Le note di variazione IVA sotto un profilo generale
Accade, nella realtà operativa, che dopoché il contribuente abbia emesso una fattura per cessione di beni e/o prestazioni di servizi imponibili ai fini IVA, debba essere apportata una modifica rispetto all'imponibile e/o all'imposta indicati in fattura.
La nota di variazione assolve tale finalità.
La stessa può essere emessa sia in aumento, sia in diminuzione del tribuito IVA.
Le variazioni dell'imponibile e/o dell'imposta sono disciplinate dall'art. 26 d.P.R. 26 ottobre 1972, n. 633.
Il primo comma dell'art. 26 cit. disciplina il caso delle variazioni in aumento – le cd. “note di debito” –, disponendo quanto segue.
Il contribuente è tenuto ad osservare le disposizioni sulle fatturazioni delle operazioni “attive”, ex art. 21 e ss. d.P.R. n. 633/1972, con riferimento al maggior ammontare del tributo, laddove, dopo l'emissione della fattura ovvero la propria registrazione, aumenti – per qualsiasi motivo – l'imponibile e/o l'imposta.
La norma impone dunque al contribuente di emettere un nuovo documento – la nota di debito IVA – che vada a rettificare l'originaria fattura emessa dallo stesso emessa, evidenziando il maggior tributo dovuto.
La nota di debito può essere emessa sotto forma di fattura semplificata, ex art. 21-bis d.P.R. n. 633/1972, con i seguenti elementi “minimi” (Agenzia delle Entrate, circolare n. 18/E/2014):
data emissione del documento;
numero progressivo dello stesso;
dati e partita IVA del contribuente cedente/prestatore;
dati e partita IVA del cessionario/committente;
descrizione dei beni ceduti e/o dei servizi resi;
riferimento alla fattura oggetto di rettifica;
indicazione degli elementi oggetto di rettifica.
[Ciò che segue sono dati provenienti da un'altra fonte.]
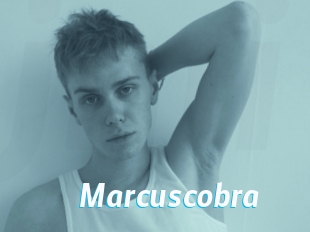 marcuscobra J Mine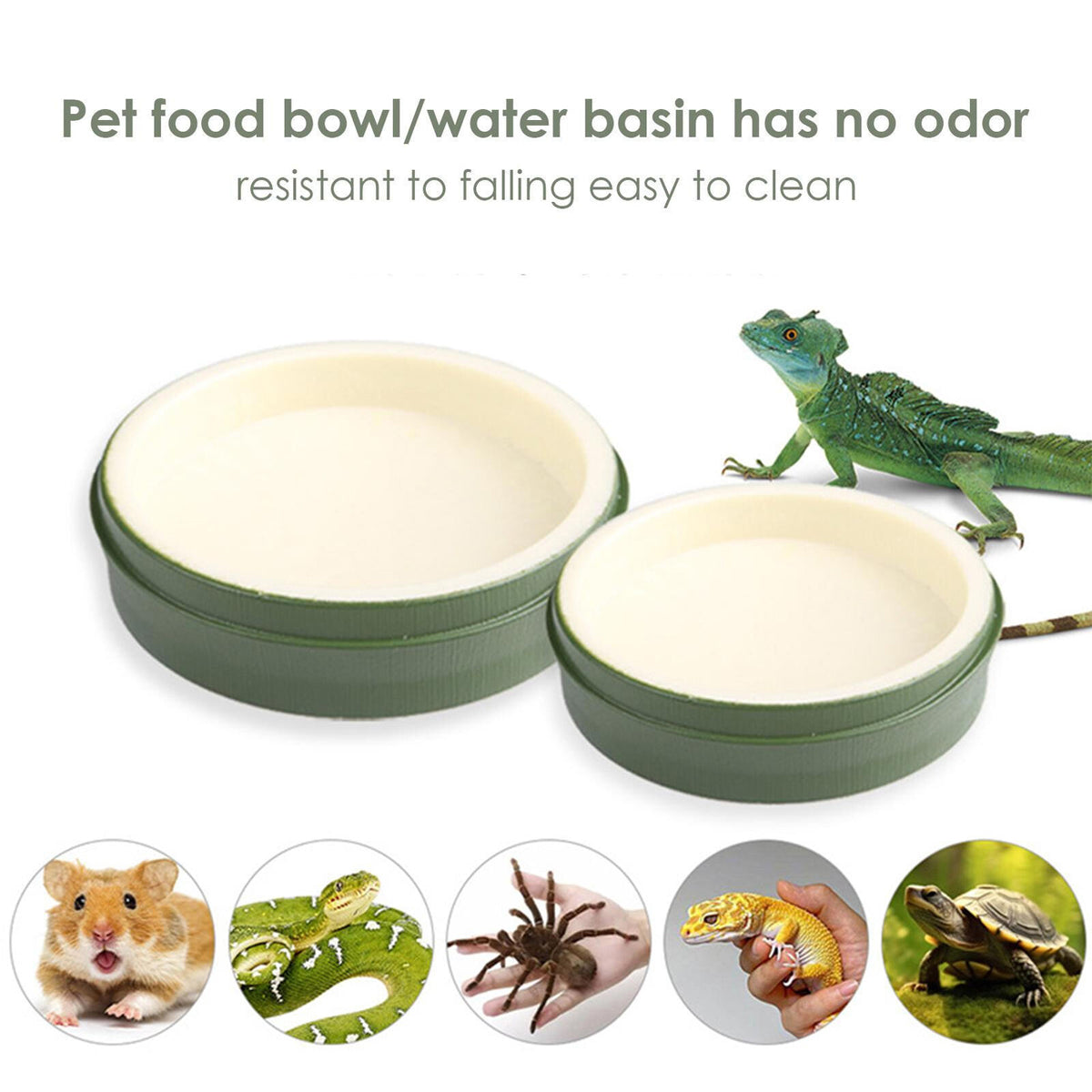 Leaf-Shaped Reptile Feeding Dish Plastic Water Bowl for Terrarium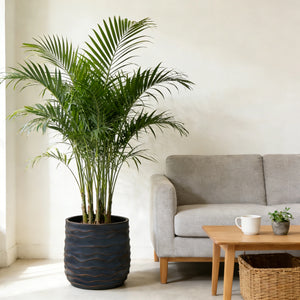 Large Round Planters Set of 2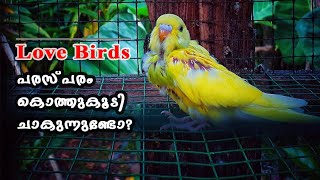 why love birds fight and kill each other|love birds പരസ്പരം കൊത്തുകൂടി ചാവുന്നുണ്ടോ|Budgies|CJ Farm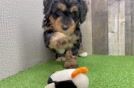 Friendly Mini Bernedoodle Baby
Le note di debito emesse oltre il termine ordinario comportano l'applicazione di sanzioni ed interessiex art. 6, comma 1, d.lgs. n. 471/1997; le stesse possono essere peraltro oggetto di “ravvedimento operoso”.
Quanto sopra, sempreché la modifica sia diretta conseguenza di circostanze e/o fatti imputabili al cedente/prestatore: in caso contrario, non si rende dovuto alcun accessorio del tributo.
Le variazioni in diminuzione – le cd. “note di credito” – sono disciplinate dal secondo comma dell'art. 26 d.P.R. n. 633/1972.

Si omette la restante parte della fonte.